There have been 162 shooting incidents in 2021, which averages out to about two per day since the beginning of the year.
Two of those shot in Durham this year include two children who were hit by gunfire while they were sleeping, in two separate incidents.
An 11-year-old boy was wounded by a drive-by shooter while he was sleeping at a home on Thornwood Drive on Jan. 22 around 1:30 a.m.
And just this week, a 13-year-old girl was injured by a drive-by shooter while she was sleeping at her house on Weldon Terrace around 4 a.m. Wednesday.
The girl told CBS 17 at first she didn’t realize she had been shot.
“I woke up and I saw this hole,” she said. “They (her parents) came in the room and my dad said I was shot.”
The bullet flew through her family’s front door, traveled through the house, and went through her bedroom wall — just inches above her head.
She was struck in the thigh, but she is going to recover, officials said.
Community activists are angry after hearing that another innocent child in Durham had been shot.
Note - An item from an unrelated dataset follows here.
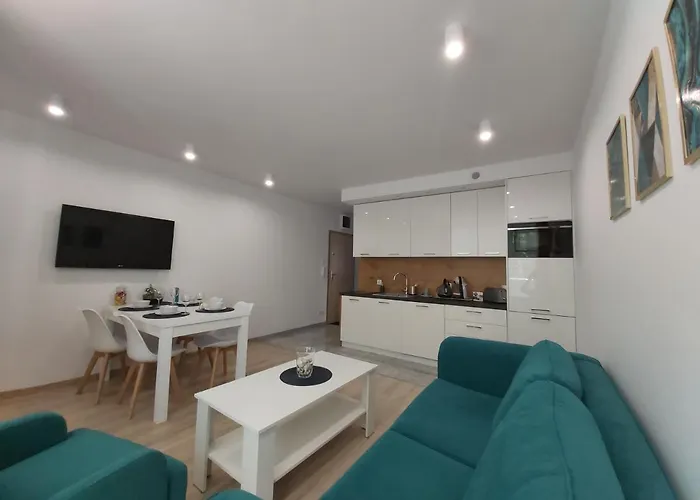 Appartement Przy Lesie Sloneczne Tarasy Dziwnówek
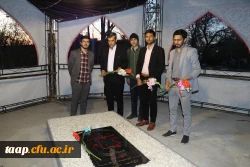 آیین «ضیافت شهدا» دردانشگاه فرهنگیان پردیس علامه امینی تبریز 6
“You can’t even sleep in your bed or take a nap without worrying about a stray bullet coming into your house,” said Robert Belcher, a Durham community activist and founder of A Chance 2 Change.
Belcher questions if the city is keeping the community informed enough about the recent gun violence. He said some of the recent shootings appear to take more priority over others.
“Some people didn’t even know a 13-year-old child got shot yesterday but everyone knew a police dog got shot, and I think that’s a problem,” Belcher said. “I don’t think a dog’s life trumps a child’s life. I just don’t see that.”
CBS 17 brought this concern up about a lack of transparency between the city and the community to Durham Mayor Steve Schewel.
“I would say you’re totally wrong, I think that our transparency is fantastic,” Schewel said. “I have never seen a more transparent police department. Here I am, answering your questions. I’ve been on with you many times and our police department has as well.”
But Belcher argues that the community still doesn’t know what the city plans to do to address the problem with gun violence.
“If they’re taking it as serious as they need to, we’re not hearing about it,” Belcher said.
Schewel said the Durham Police Department is actively working to catch those behind the recent drive-by shootings and he said gun laws need to be stricter in North Carolina.
Schewel said the expansion of Bull City United’s Violence Interrupter program will help reduce crime. But it’s been two months since the city approved the nearly $1 million expansion to hire more violence interrupters and outreach workers, and those staffers have not been hired yet.
On Monday, the Durham Board of County Commissioners will be approving an interlocal agreement to work with the city on the expansion of this program.
However, the earliest those new boots could be on the ground is late spring or early summer.